It was at the Super Bowl a few years back, during the commissioner's annual news conference two days before kickoff, when I asked Roger Goodell about the possibility of an NFL team ever making Las Vegas home.
Goodell didn't disappoint. He went on for a few minutes about the importance of keeping a strong dividing line between his league and sports gambling, about it not being in the best interest of the NFL to have any association with betting.
He was really quite convincing. You'd expect as much.
Remember: The NFL does hypocrisy with the best of them.
On one hand, not much has changed. The NFL still realizes Nevada takes in less than 2 percent of all Super Bowl bets, still understands professional sports leagues and the gaming industry are on the same side in wanting games to have integrity, and yet still looks down its nose at Las Vegas while continuing to give its implied endorsement to fantasy sports, which I'm fairly certain you can wager on.
If not, there's a guy in California who has paid off his house and enjoyed some lavish vacations on my dime the past 20 years.
On the other hand, even the mighty NFL and those networks that show its games have felt the pinch of an unforgiving economic slide.
It is why the league modified advertisement policies for the TV commercials you will see Feb. 7, when the Indianapolis Colts and New Orleans Saints contest Super Bowl XLIV in Miami, why the NFL lifted its ban on Las Vegas and other cities with legalized gambling running spots during the playoffs.
It just didn't lift very high.

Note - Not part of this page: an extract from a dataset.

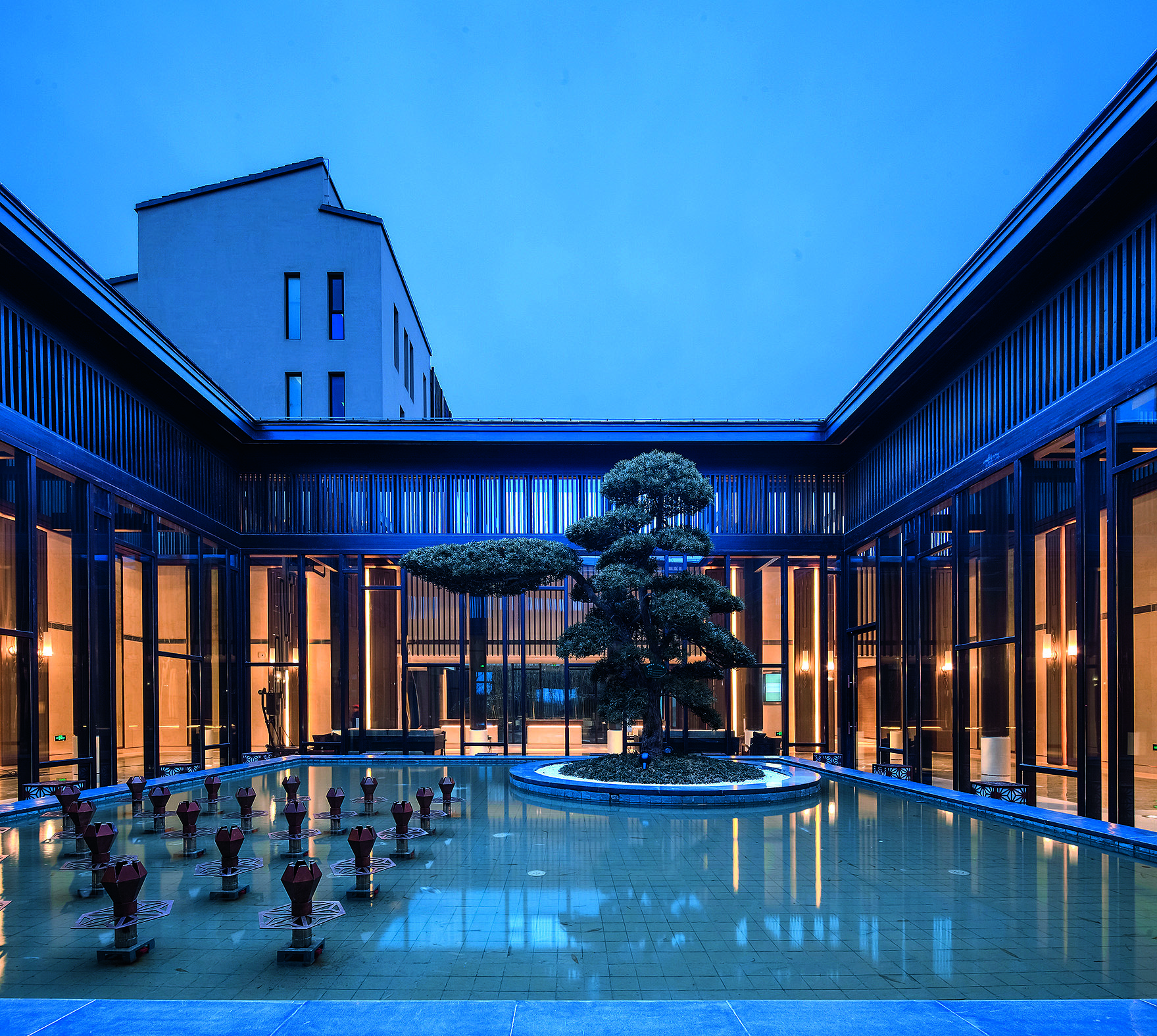 Design of Chongming Jinmao Hyatt Hotel Landscape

Think several inches instead of feet.
The new rules still don't allow Las Vegas ads to feature specific hotels or casinos or any other gambling reference or image. They still reek of the league's arrogant approach to the issue, despite the fact professional football's massive popularity base leads directly to billions of dollars in betting.
You can purchase a 30-second ad for $2.5 million to $2.8 million but not show the MGM Grand or Caesars Palace. You can buy time during the biggest and most-watched sporting event of the year but not portray the most important component of the city that you are trying to draw viewers to.

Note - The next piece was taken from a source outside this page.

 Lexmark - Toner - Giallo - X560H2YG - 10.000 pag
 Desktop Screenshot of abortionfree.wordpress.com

The modifications, by the way, are offered only for 2010 at this point.
What a deal.
The timing wasn't right for the Las Vegas Convention and Visitors Authority to advertise during this year's game, it being the middle of the organization's fiscal year and many strategic and budgetary decisions having been made for those who spend $85 million annually to sell Las Vegas.

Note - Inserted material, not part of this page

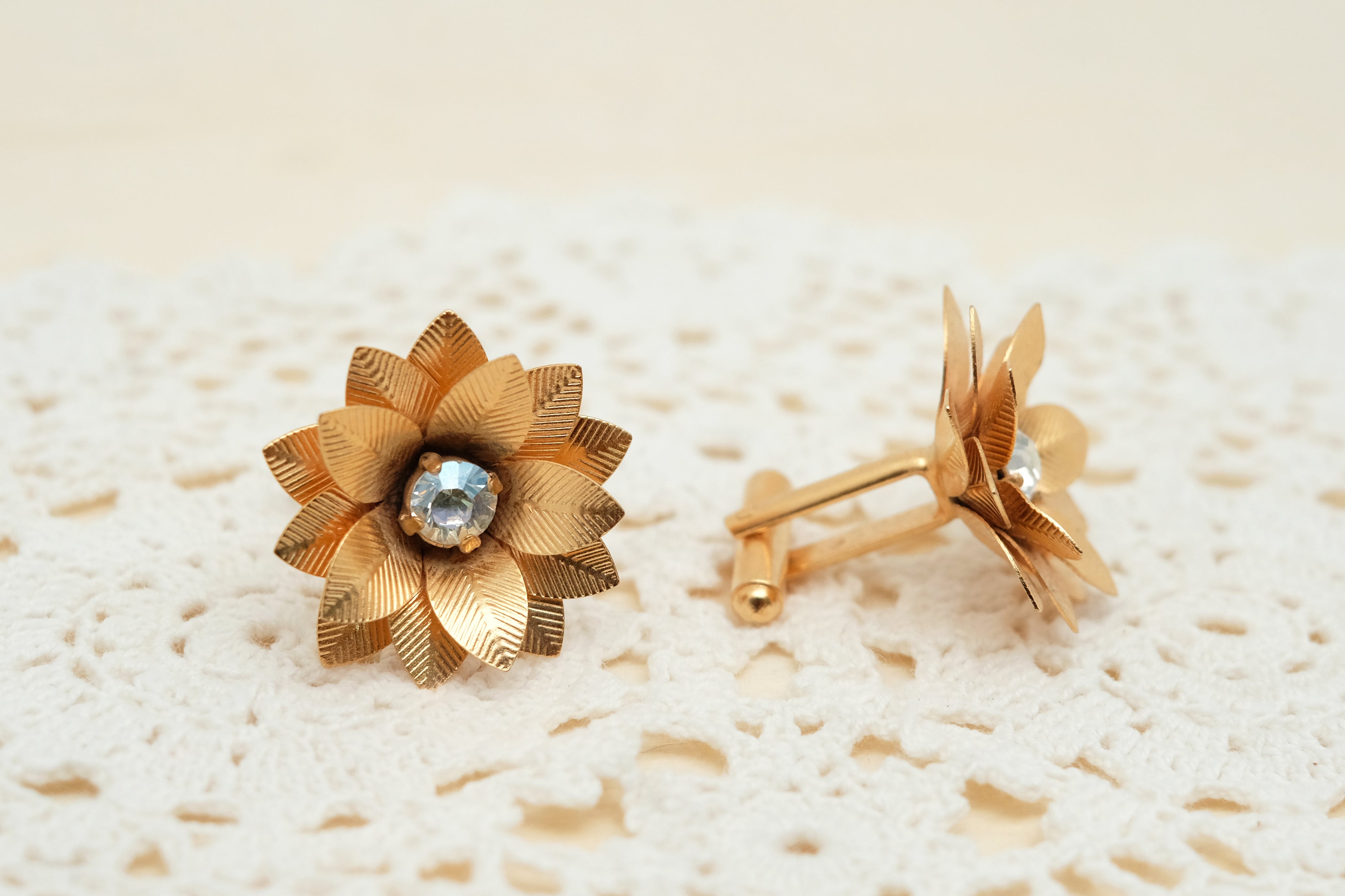 Crown Daisy Jewel | Cufflinks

Its approach to the game of Roman numerals remains simple -- continue to annually promote Las Vegas as the best Super Bowl destination for those without a ticket to the game.
"The (modified advertisement policies) had no impact whatsoever on us," said Rossi Ralenkotter, president and chief executive of LVCVA. "If you look at our branding campaign now, there really isn't gaming images. We're going to spend $1.2 million (in advertising) the two-week period leading up to the Super Bowl that will help position us to reach our target audience and drive visitation in this major recession period.
"There wasn't a lot of advanced notice about the (NFL's change in policy), but we will analyze it more when beginning to put together budgets for 2011."
Super Bowl ads are changing. Pepsi will pass for the first time in 23 years. FedEx and GM went away last year. But as of late last week, all but four of 62 commercial spots for the game had been sold. It's still an event that can bring companies huge exposure.
Yet not allowing an ad from LVCVA or perhaps VEGAS.com to include images of gaming if those companies chose such a marketing strategy continues to define the phoniness of an NFL that realizes it wouldn't be a shred of itself without sports gambling.
It's not even about whether Las Vegas companies want to show that part of the city. Maybe they don't feel a need to sell the product. They know the business best.
What it is: Another example of a power trip by the country's most powerful sports league. You can't dictate how fair the monster is with these decisions, but you can certainly continue to point out its hypocritical side.